Not a motivational post. Just statistics.

When developing a background processing data pipeline, one of my colleague Daniel Agatan asked the question:

“How many retries should we put when getting data from this upstream service–until at least we have one successful result?”

How would you like to answer?

For reliable upstream service, we can put “just enough” retry logic and expect everything works. But what if the upstream service is not so reliable?

…

The moment Daniel Agatan asked, I immediately knew the solution to this problem exists somewhere in statistics textbooks that I have read, but wasn’t able to recall them immediately.

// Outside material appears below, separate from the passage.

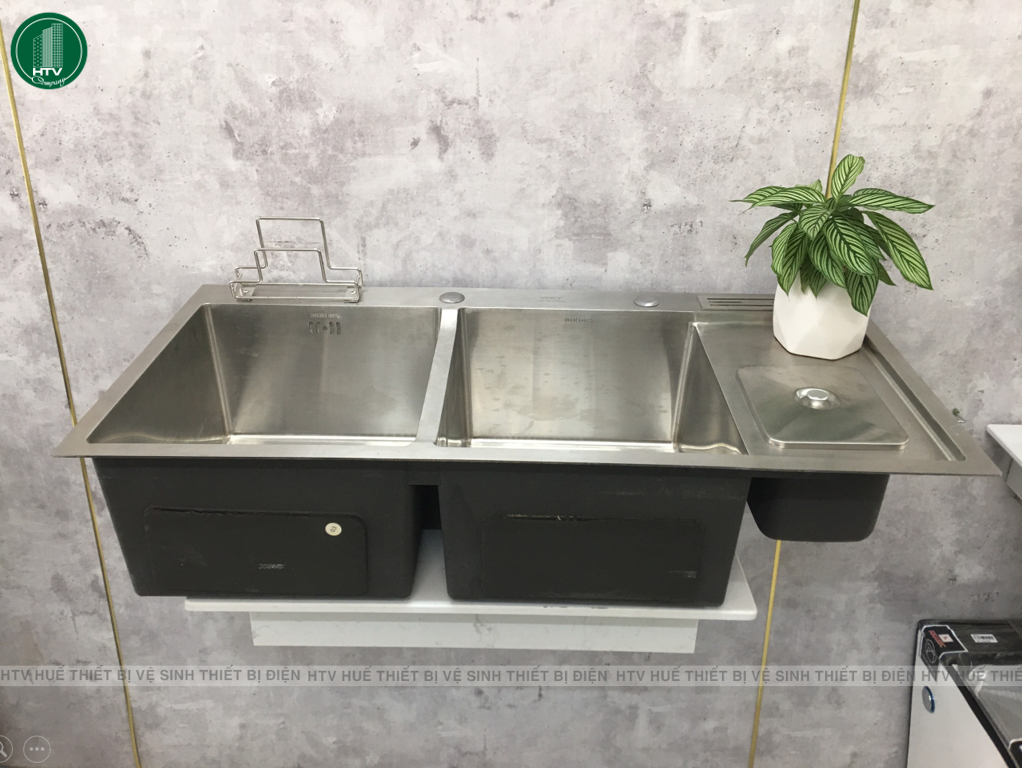 Chậu chén V10048K-5 Vincy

After some jottings on the whiteboard and a good night sleep, I found a way to frame (or approach) the problem the following day.

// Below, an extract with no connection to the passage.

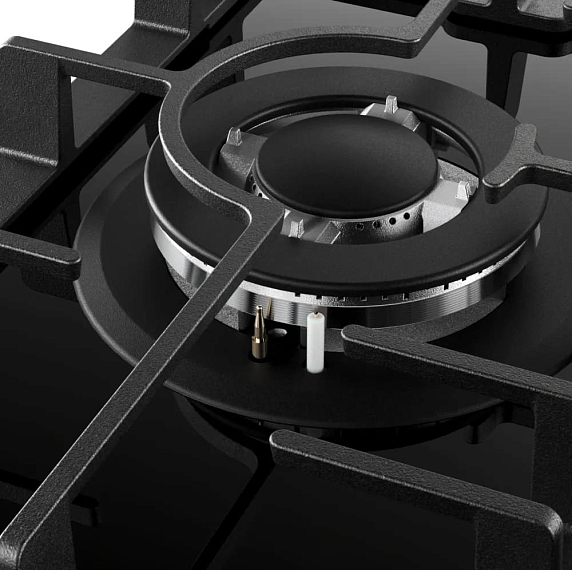 Газовая варочная панель Kuppersberg FG 41 B preview 4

We can frame the problem as a Binomial Trial, where:

The number of upstream service calls–the retries, represent the number of trials $n$ .
The upstream service success rate represent the success probability $p$ of each trial.
We want to make sure the probability of at least one success $x = 1, P( X ≥ x )$ in the series of $n$ trials, is high enough for our requirements (eg. SLA).
Find the minimum $n$ that satisfies condition (3)
Assume that each retry is independent from one another.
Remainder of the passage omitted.